Saved entries:
* * * * *
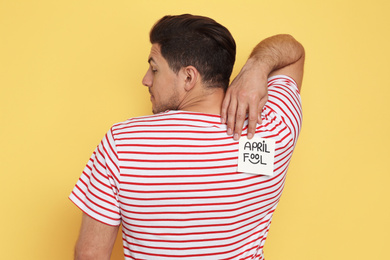 Photo of Man with APRIL FOOL sticker on back against yellow background
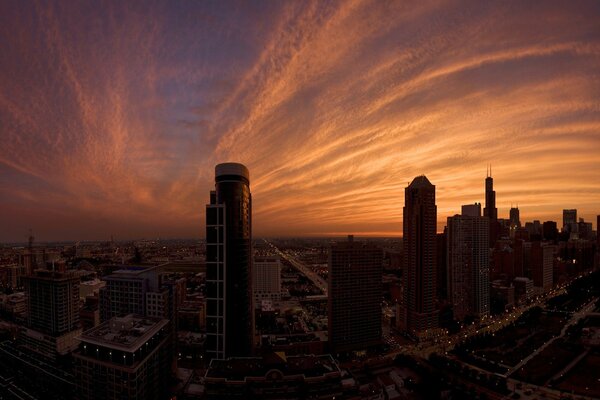 Photos of multi-storey buildings at sunset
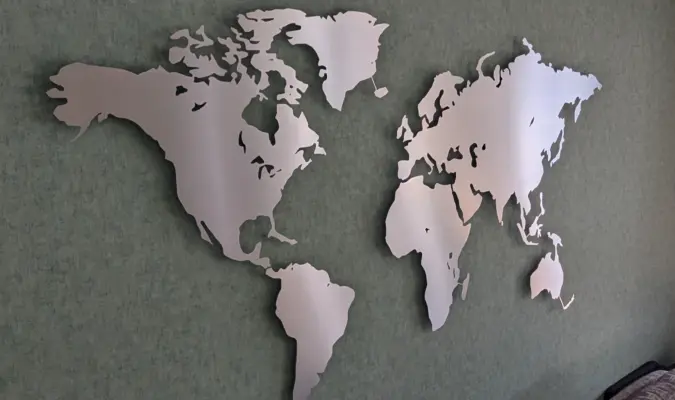 Weltkarte beleuchtet aus Edelstahl in Größe L auf grüner Wand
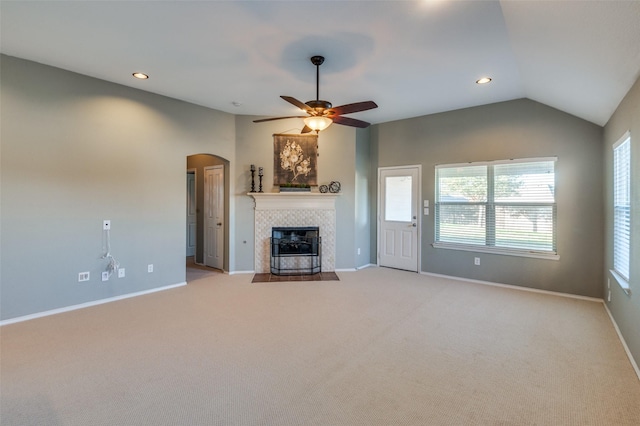 unfurnished living room featuring ceiling fan, lofted ceiling, light carpet, and a tiled fireplace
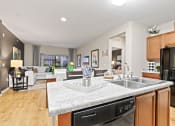 Thumbnail 4 of 44 - a kitchen island with a sink and a dishwasher in front of a living room with a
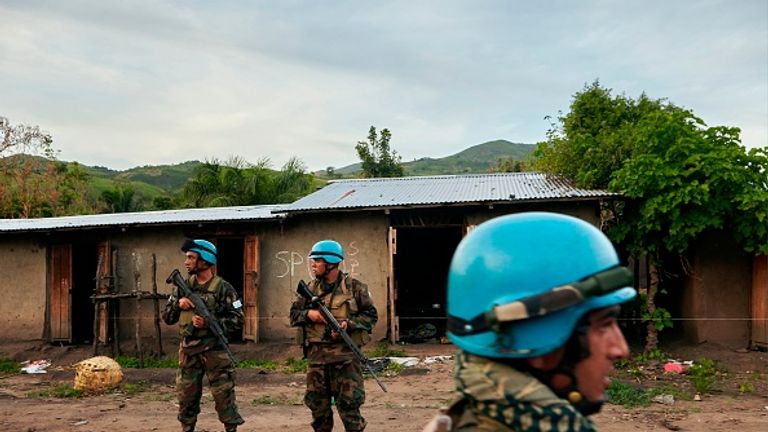 UN soldiers patrol the area surrounding the village of Kafe
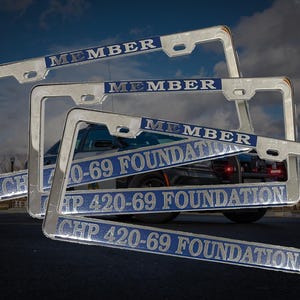 Op de afbeelding: Verchroomde kentekenplaathouders met de tekst "MEMBER" en "CHP 420-69 FOUNDATION" in blauwe letters. De frames zijn gestapeld voor een voertuig, met een bewolkte lucht op de achtergrond.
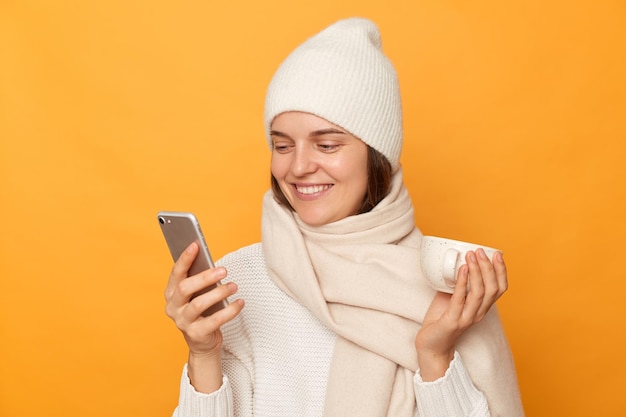 Imagen de una atractiva mujer caucásica alegre con sombrero de suéter y bufanda sosteniendo una taza de café en las manos y usando un teléfono celular leyendo buenas noticias en internet posando aislada sobre un fondo amarillo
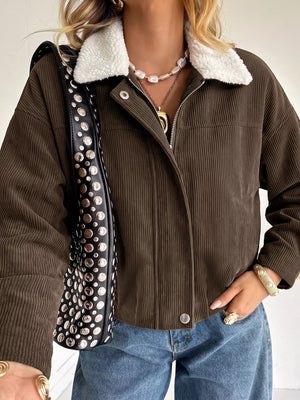 100% polyester Care instructions: Machine wash cold trucker jacket in Brown with relaxed silhouette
* * * * *
The response should repeat every entry above exactly and include none of the pictures.

» **Expected output**:
 Photo of Man with APRIL FOOL sticker on back against yellow background
 Photos of multi-storey buildings at sunset
 Weltkarte beleuchtet aus Edelstahl in Größe L auf grüner Wand
 unfurnished living room featuring ceiling fan, lofted ceiling, light carpet, and a tiled fireplace
 Thumbnail 4 of 44 - a kitchen island with a sink and a dishwasher in front of a living room with a
 UN soldiers patrol the area surrounding the village of Kafe
 Op de afbeelding: Verchroomde kentekenplaathouders met de tekst "MEMBER" en "CHP 420-69 FOUNDATION" in blauwe letters. De frames zijn gestapeld voor een voertuig, met een bewolkte lucht op de achtergrond.
 Imagen de una atractiva mujer caucásica alegre con sombrero de suéter y bufanda sosteniendo una taza de café en las manos y usando un teléfono celular leyendo buenas noticias en internet posando aislada sobre un fondo amarillo
 100% polyester Care instructions: Machine wash cold trucker jacket in Brown with relaxed silhouette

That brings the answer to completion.